Please use this identifier to cite or link to this item: https://scholarbank.nus.edu.sg/handle/10635/222047
Title: THE IMPACT OF F&B OFFERINGS ON RETAIL MALL PERFORMANCE
Authors: SIM HUI THENG CASSANDRA ALLICIA
Keywords: Real Estate
RE
Lee Kwan Ok
2017/2018 RE
Issue Date: 3-May-2018
Citation: SIM HUI THENG CASSANDRA ALLICIA (2018-05-03). THE IMPACT OF F&B OFFERINGS ON RETAIL MALL PERFORMANCE. ScholarBank@NUS Repository.
Abstract: Singapore has been experiencing a retail market decline for the past 5 years and more developers are turning to Food and Beverage (F&B) to sustain its shopping malls. Reasons for this shift include strong local food culture and the rising dining-out trend. However, many empty eateries suggest an oversupply, and a looming threshold to this strategy.

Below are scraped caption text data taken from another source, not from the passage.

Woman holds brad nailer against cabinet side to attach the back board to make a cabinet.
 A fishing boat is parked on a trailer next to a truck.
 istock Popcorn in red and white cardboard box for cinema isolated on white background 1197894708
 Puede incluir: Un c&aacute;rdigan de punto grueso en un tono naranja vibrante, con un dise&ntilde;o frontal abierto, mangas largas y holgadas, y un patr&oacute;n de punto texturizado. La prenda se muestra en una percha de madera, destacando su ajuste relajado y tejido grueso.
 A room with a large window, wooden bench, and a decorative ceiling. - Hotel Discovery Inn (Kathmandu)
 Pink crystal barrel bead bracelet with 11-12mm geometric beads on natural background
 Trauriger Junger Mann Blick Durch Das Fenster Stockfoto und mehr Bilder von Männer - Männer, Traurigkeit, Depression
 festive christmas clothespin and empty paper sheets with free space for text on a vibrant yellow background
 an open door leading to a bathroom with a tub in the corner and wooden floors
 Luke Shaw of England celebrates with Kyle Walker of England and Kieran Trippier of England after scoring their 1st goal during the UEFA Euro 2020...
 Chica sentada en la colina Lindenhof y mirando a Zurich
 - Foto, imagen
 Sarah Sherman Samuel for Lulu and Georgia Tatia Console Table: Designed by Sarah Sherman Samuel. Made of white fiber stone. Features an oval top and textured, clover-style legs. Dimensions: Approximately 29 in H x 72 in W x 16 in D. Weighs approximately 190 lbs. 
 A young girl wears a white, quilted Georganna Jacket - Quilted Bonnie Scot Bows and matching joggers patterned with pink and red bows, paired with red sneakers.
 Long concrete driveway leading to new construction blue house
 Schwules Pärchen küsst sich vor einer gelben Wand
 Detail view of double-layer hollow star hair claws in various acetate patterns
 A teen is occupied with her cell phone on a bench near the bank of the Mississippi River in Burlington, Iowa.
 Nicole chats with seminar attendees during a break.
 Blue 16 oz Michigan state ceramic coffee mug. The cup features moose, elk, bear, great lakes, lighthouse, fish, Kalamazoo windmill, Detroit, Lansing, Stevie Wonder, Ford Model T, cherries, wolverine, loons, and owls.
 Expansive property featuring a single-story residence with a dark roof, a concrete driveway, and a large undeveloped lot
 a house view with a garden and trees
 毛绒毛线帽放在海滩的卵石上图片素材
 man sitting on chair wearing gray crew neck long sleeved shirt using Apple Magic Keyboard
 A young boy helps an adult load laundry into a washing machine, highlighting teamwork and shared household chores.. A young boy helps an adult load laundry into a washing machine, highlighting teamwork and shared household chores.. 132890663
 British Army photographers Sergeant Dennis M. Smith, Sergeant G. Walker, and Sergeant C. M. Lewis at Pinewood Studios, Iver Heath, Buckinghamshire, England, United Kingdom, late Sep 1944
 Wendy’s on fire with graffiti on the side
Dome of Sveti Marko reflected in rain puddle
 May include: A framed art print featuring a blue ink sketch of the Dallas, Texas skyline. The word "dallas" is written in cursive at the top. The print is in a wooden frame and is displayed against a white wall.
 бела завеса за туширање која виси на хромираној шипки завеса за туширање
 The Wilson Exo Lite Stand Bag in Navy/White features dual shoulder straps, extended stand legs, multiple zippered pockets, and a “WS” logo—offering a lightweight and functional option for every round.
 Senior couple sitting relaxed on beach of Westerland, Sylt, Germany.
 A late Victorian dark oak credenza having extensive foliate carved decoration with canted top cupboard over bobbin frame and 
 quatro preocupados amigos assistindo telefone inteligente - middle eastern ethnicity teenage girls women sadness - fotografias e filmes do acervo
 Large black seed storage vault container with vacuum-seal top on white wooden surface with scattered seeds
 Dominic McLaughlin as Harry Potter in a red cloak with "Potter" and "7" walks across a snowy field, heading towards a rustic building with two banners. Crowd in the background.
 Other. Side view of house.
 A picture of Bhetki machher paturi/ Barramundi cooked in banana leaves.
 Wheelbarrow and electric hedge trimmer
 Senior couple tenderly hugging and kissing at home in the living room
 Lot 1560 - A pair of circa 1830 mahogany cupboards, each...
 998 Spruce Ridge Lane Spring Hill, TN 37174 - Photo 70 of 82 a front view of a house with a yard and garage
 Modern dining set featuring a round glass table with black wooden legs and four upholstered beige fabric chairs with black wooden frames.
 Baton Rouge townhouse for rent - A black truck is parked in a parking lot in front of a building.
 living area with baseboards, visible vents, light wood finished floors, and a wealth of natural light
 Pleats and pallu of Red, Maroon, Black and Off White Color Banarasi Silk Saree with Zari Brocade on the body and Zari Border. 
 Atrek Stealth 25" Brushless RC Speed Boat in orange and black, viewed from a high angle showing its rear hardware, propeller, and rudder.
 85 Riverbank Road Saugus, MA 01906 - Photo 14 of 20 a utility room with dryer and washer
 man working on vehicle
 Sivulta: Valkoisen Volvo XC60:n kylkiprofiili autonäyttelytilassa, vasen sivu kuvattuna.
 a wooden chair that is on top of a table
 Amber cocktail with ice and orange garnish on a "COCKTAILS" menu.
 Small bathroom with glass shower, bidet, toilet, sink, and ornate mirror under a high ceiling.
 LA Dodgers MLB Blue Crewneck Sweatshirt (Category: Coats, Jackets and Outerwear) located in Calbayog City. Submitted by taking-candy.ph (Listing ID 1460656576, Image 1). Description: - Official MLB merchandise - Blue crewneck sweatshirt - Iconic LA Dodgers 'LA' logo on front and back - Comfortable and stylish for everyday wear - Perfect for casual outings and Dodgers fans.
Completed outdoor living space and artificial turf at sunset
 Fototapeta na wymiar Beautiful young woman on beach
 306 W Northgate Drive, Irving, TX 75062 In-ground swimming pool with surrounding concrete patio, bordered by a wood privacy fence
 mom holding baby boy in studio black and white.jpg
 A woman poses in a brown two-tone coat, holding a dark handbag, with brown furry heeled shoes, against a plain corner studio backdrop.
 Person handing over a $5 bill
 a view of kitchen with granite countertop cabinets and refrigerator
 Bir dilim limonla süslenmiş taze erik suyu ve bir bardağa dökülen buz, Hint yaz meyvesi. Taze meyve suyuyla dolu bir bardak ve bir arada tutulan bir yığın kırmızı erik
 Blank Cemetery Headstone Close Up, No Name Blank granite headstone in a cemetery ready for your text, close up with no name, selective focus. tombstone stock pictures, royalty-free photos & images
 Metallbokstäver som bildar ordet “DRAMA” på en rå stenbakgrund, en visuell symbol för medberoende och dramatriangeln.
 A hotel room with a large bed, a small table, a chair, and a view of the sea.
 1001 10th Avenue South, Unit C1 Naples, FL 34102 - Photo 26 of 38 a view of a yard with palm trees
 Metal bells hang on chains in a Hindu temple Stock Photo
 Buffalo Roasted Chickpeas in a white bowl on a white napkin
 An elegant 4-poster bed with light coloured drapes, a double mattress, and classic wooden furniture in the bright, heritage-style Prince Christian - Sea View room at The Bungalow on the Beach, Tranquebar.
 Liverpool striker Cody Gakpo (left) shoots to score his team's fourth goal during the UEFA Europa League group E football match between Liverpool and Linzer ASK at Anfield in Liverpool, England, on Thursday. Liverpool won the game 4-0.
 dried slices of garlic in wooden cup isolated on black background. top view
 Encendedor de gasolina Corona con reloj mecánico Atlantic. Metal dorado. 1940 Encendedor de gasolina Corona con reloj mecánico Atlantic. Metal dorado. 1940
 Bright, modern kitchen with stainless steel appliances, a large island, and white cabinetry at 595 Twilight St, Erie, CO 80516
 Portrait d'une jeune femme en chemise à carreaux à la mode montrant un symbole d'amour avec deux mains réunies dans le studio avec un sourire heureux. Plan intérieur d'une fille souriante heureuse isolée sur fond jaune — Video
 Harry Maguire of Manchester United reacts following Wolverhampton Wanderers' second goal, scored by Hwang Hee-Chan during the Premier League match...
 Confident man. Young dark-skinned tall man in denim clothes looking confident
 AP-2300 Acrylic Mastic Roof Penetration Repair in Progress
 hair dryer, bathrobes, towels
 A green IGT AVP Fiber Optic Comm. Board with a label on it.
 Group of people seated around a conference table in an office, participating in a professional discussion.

This paper examines the impact of F&B offerings on the performance of shopping malls, in terms of footfall traffic and gross income. Secondary data is obtained through annual reports, and primary research is derived through interviews and survey questionnaires. Results are analysed via the one-way analysis of variance (ANOVA) and multiple linear regression. Upon evaluation, this dissertation concludes that there is a significant, positive relationship between the number of F&B outlets in the mall, and both the average frequency of mall visitations and average time duration spent per visit. Interviews with developers reveal that F&B outlets perform relatively better than other tenant types. However, it is strongly suggested that there is a mismatch in demand and supply of F&B offerings in some malls. Amongst various technological solutions adopted by F&B companies to improve business operations, the advent of digital dining reservation applications attempts to channel crowds to off-peak hours. However, results indicate limited usage of these apps, and that shoppers’ choices of mall may not necessarily be sensitive to F&B price discounts. Despite having limited mall drawing power, discounts nevertheless do bring in recurring patrons to the F&B outlets.